The 700 Club with Pat Robertson


Profound Reactions to 'The Passion'

By Scott Ross
For CWNews The Passion of the Christ has been one of the most anticipated movies in recent memory.

The film's graphic portrayal of the crucifixion of Christ was well-known before its release. And some Jewish leaders created a controversy when they charged it might foster anti-Semitism.

Now, the anticipation is over. The Passion finally opened February 25th on Ash Wednesday, the beginning of the traditional season of Lent, a time of reflection and repentance for Christians.

Scott Ross spoke to some Christians leaving the theaters after seeing the film. He discovered some profound reactions.

Woman viewer #1: I felt insignificant and all-important, all at the same time.

Scott Ross: That's an interesting statement, 'insignificant' and 'important' at the same time. How do you resolve that?

Lady one: That He would go through that for me. Yeah, He loved me. That I would whine and complain about anything-how insignificant. Compared to that, everything is just insignificant, it just doesn't matter. I came here with a co-worker and I told her if I ever complain again, just slap me-slap me hard.

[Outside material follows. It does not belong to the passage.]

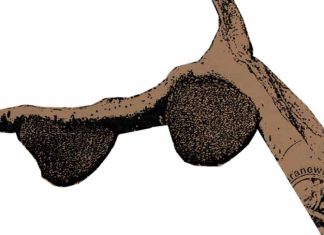 Cerpen: Penumbai Madu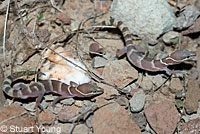 Viscaino Zebra-tailed Lizard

Yeah, it's changed me.

Scott Ross: Is it going to have an affect on your life?

Woman Viewer #2: Yeah. It's changed me. It's changed the way I want to live, the way I want to live my life, the way I want to be

Scott Ross: But you'd read the Scriptures before and it didn't have that kind of impact on you?

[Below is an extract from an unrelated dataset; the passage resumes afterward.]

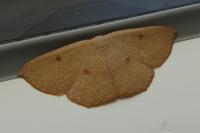 Cyclophora puppillaria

Woman Viewer #2: It did. But seeing it in a movie is just…. (begins to cry.)

Scott Ross: As a Jew, seeing this. You're take on this, is what?

Male Viewer: I believe that Jesus is the Messiah. The sufferings of Jesus were foretold by the Jewish Bible. It's very hard for me-as a man-to see that the Messiah had to suffer the way He did. As a Jew I have to understand this. We talk about, that the question was raised again and again 'who actually killed Jesus.' And I mean that we are raising the wrong question.

Scott Ross: Okay, what's the question?

Male Viewer: It's 'why did Jesus have to die?'

Scott Ross: Yeah.

Male Viewer: If you walk out of this movie, trying to put blame on somebody, you come out with the wrong idea. That is, you've got to look into your own heart. And when the prophet Isaiah said, "He died for our iniquities," He was talking about all of us. He died for our transgressions. He wasn't talking about the Jews or the Romans or the Greeks. He was talking about all of us.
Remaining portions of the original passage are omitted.